L'APIG a néanmoins, elle aussi, du mettre un peu d'eau dans son vin pour parvenir à un accord. Alors que l'association a longtemps eu pour ambition d'aboutir à un accord de licence globale, plutôt qu'une négociation entre chaque titre et Google, comme le voulait ce dernier, le deal final introduit un concept un peu hybride "d'accords individuels de licence", écrit Google. L'APIG a, en effet, négocié un cadre contractuel au sein duquel chacun de ses membres peut s'entendre avec Google.
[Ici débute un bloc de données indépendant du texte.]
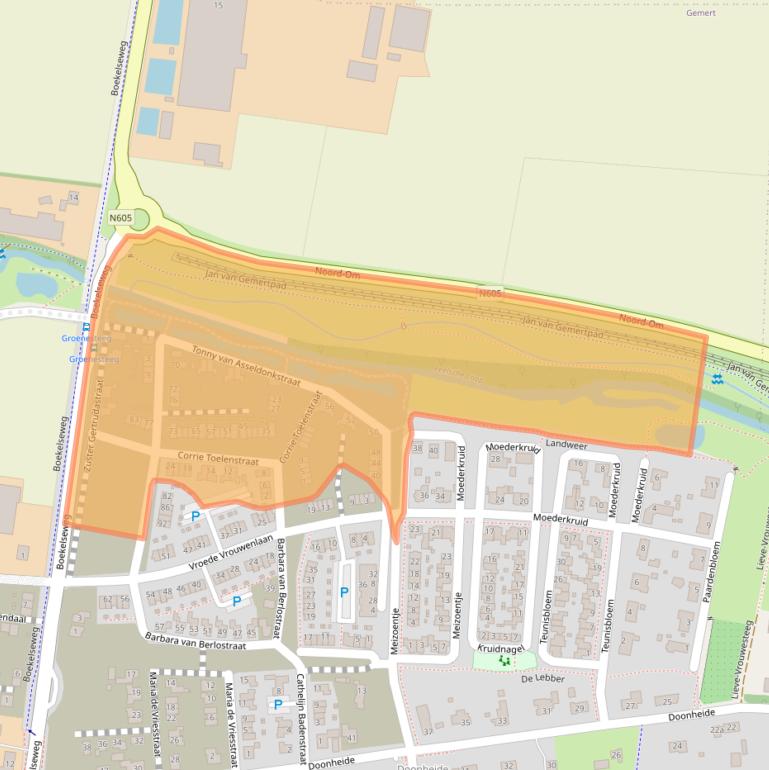 Kaart van postcodegebied 5422EL.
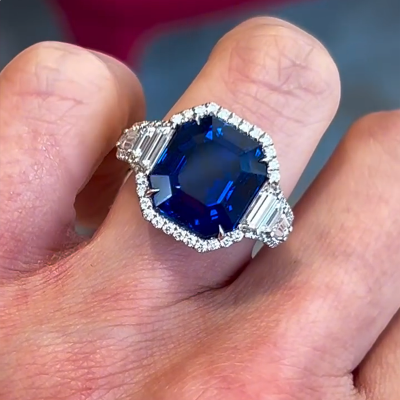 8ct Asscher Cut Blue Sapphire with Trapezoid Cut Side Stones Sterling Silver Ring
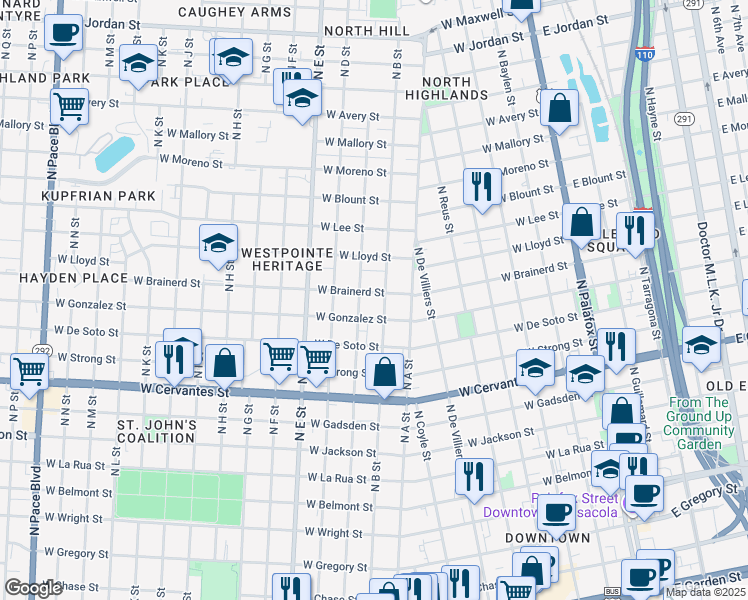 map of restaurants, bars, coffee shops, grocery stores, and more near in Pensacola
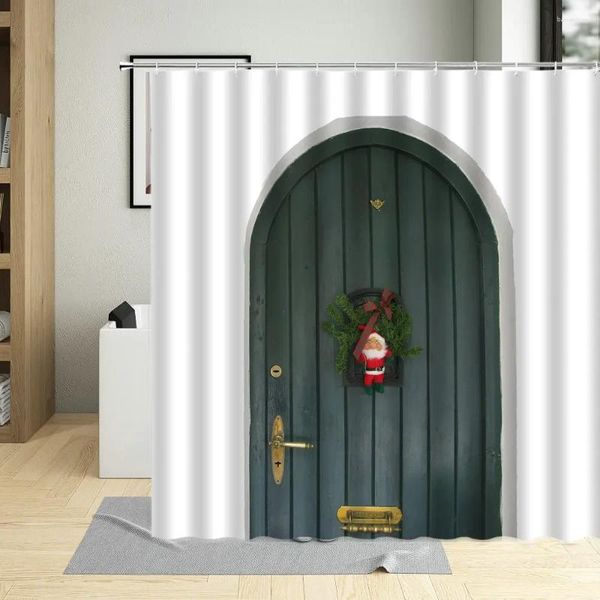 Tende da doccia Porta del Nord Europa Tenda per porta ad arco Muro bianco Babbo Natale Arte decorativa Panno Bagno Vasca da bagno Casa con gancio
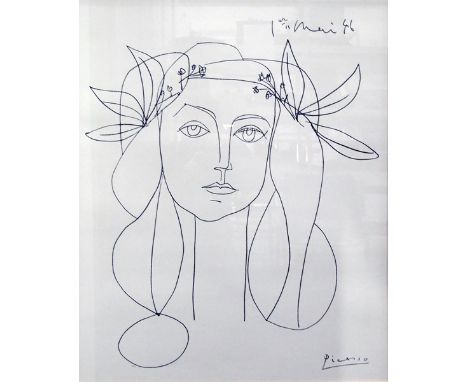 After Picasso Print Portrait of a young girl with flowers in her hair, 82cm x 66cm 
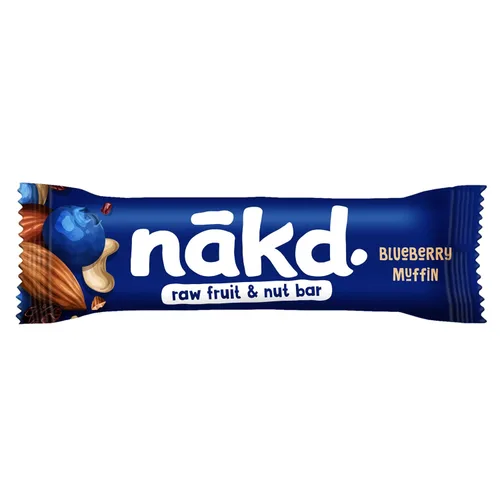 Vista 3 de Nakd Bar, Blueberry Muffin de frutas crudas y frutos secos, sin gluten, vegano, 18 unidades18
Ces tractations individuelles se feront sur la base de critères quantitatifs comme le volume quotidien de publications et l'audience mensuelle. Exit donc le principe d'un organisme indépendant, chargé comme le fait la Sacem auprès de l'industrie musicale, de récolter et redistribuer l'argent au titre des droits voisins. Un modus operandi qui aurait sans doute permis de mieux défendre les intérêts des plus petits. "L'accord garantit une rémunération aux plus petits titres d'IPG, c'est une vraie victoire",  tempère Pierre Petillaultn qui rappelle que le retrait de la plainte déposée devant l'Autorité de la concurrence est conditionné au respect par Google du cadre mis en place. Ce qui évite les mauvaises surprises.

Une vraie surprise, en revanche, c'est que l'accord passé avec Google donne aux membres de l'APIG l'accès au programme News Showcase. Ce programme de licence de publications de presse sera, selon nos informations, lancé en France en mai ou juin prochain par Google. L'APIG a, malgré l'insistance de Google, longtemps refusé de l'associer au sujet de la rémunération au titre des droits voisins, estimant que les deux sujets n'étaient pas liés et qu'il était dangereux de négocier un accord qui ne survivrait pas à News Showcase. Elle a pourtant fait marche arrière. "Il nous a fallu être pragmatique, l'essentiel étant d'obtenir cet accord de licence, défend un membre de l'APIG satisfait par le deal. La France est le seul pays européen à avoir transposé la directive sur le droit d'auteur. Le sujet des droits voisins ne concerne donc pour l'instant que notre pays alors que Google est une plateforme mondiale, qui déploie News Showcase dans des dizaines de pays. La position n'était pas tenable."

"Il nous a fallu être pragmatique, l'essentiel étant d'obtenir cet accord "

Encore plus étonnant, l'APIG a consenti à Google, qui veut faire de Showcase un espace qui apporte une véritable valeur ajoutée par rapport à son onglet News, une faveur aussi stratégique que symbolique : les médias signataires s'engagent à proposer en accès libre au sein de Showcase des articles payants sur leur site.

Showcase sera, si Google maintient sa position de ne négocier qu'avec l'APIG, uniquement réservé aux titres d'informations politique et générale. Et c'est là encore problématique, à en croire notre patron de presse contestataire. "Les médias membres du programme y parleront de tout, people, sport ou culture, compris. C'est donc complètement anti-concurrentiel vis-à-vis de ceux qui traitent aussi de ces thématiques et qui ne pourront pas en être."